EXERCISE AIM
Transcribe only the lines of the listing below from the one holding "Lace Up Boot" through the one holding "Pure Organic Herbal", inclusive, without any change.

DATA SHOWN
====

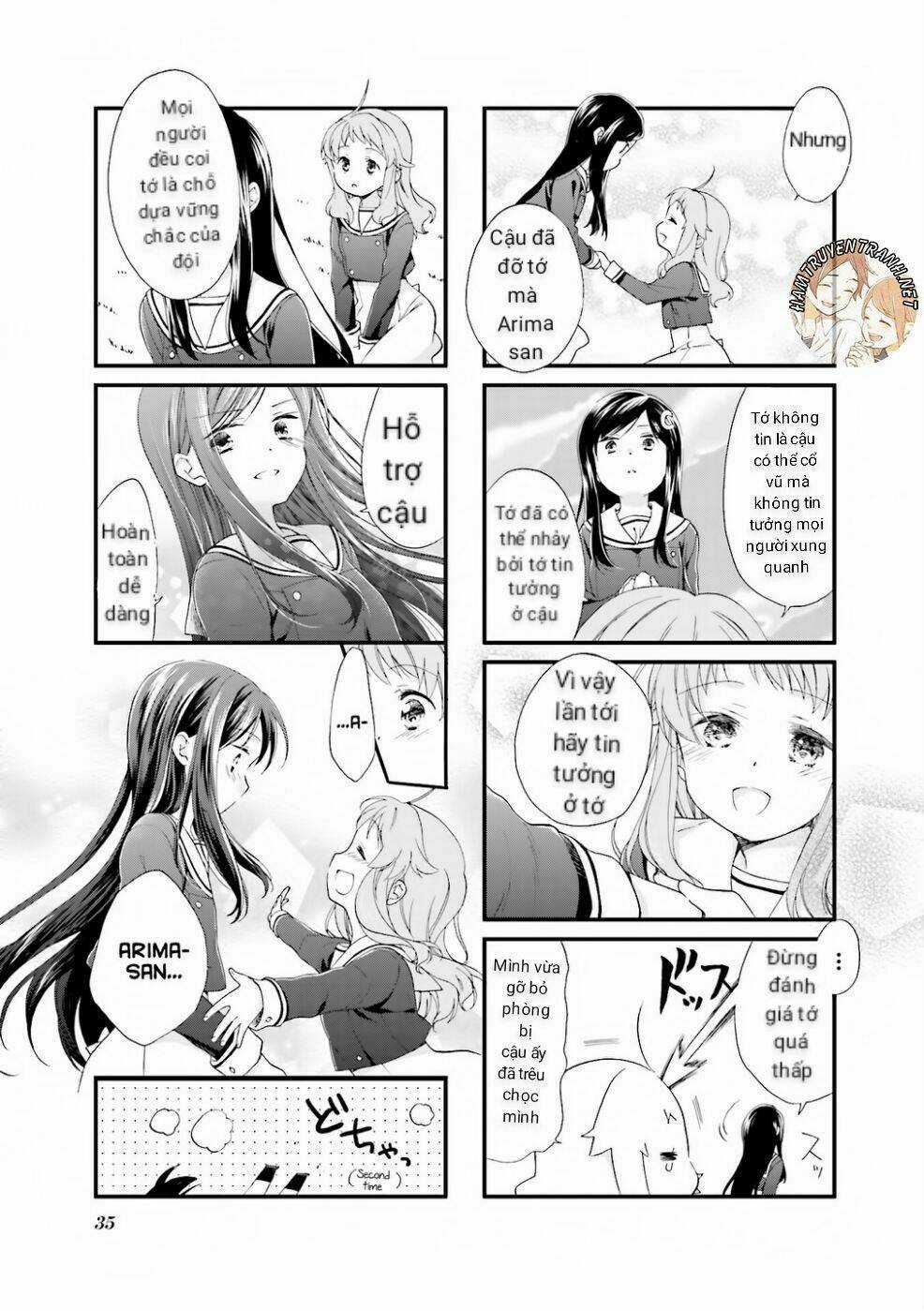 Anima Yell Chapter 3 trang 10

====

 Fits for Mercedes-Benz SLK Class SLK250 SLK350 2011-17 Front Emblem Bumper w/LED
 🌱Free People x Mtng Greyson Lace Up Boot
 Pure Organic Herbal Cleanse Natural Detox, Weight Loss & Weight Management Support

====

OUTPUT OF THE EXERCISE
 🌱Free People x Mtng Greyson Lace Up Boot
 Pure Organic Herbal Cleanse Natural Detox, Weight Loss & Weight Management Support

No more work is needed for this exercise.